Thursday, August 23, 2007

A family adrift (Books: The Promise of Happiness - Justin Cartwright)


I'm about a third of the way through Justin Cartwright's The Promise of Happiness and so far this novel is delivering successfully on its title. This is just the kind of contemporary domestic novel that I enjoy. Daphne and Charles Judd - a couple retired from London now living in Cornwall - and two of their children await the release of the third child and sibling, Juliet, from prison. She was the one, it seemed, most destined for success - a Masters degree from the prestigious Courtald, a job in a New York art gallery. The Judd's are one of those families that was supposed to have gotten it right in a steady, middle class way - secure, stable employment for the parents, good university education for the children, reasonable good health - they were fulfilling the promise and so should get the reward.

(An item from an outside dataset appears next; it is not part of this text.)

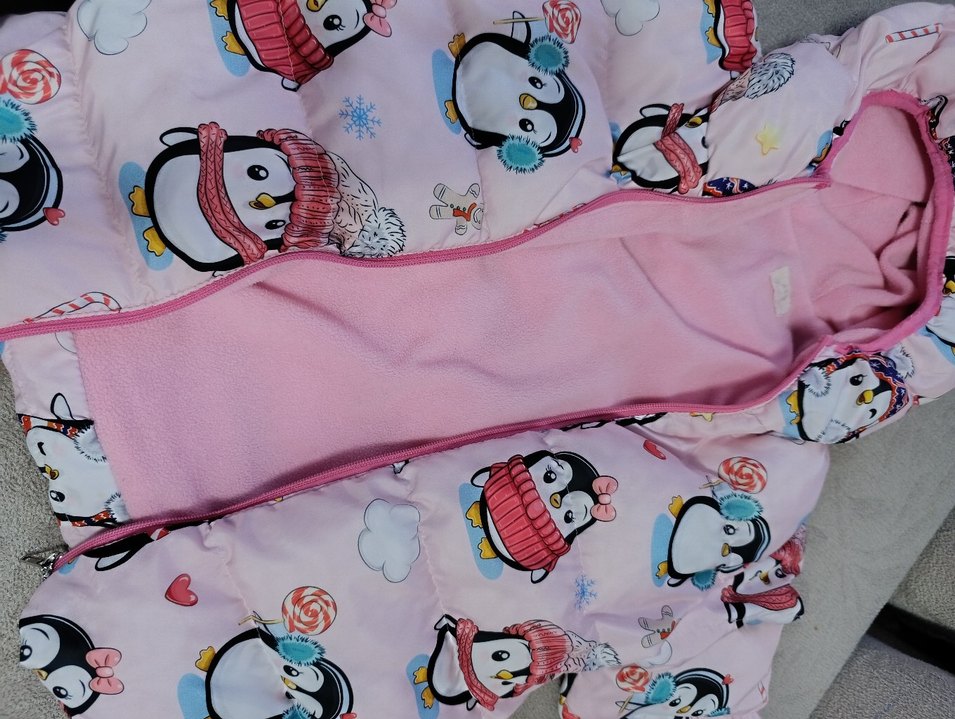 Pembe penguven desenli kız çocuk şişme mont - Görsel 4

But then Dad's company is taken over and rather than settle for early retirement he fights and loses, and the chosen daughter goes to jail for a crime she actually did commit (this happens before the story starts) and suddenly the promises that were secured, like little boats to a jetty, become unmoored, each drifting separately out into the water.

Cartwright gets it right inside as well as out - what its like inside his characters' heads- particularly Charles - is observed in great depth and detail, and in graceful language that isn't too decorative. There is a wonderful early scene - an argument between husband and wife when first she ruins a recipe from a cookbook and then he goes for fish and chip take away and fails to bring back two pieces:
"I definitely ordered two. Definitely. Six pounds and eighty pence."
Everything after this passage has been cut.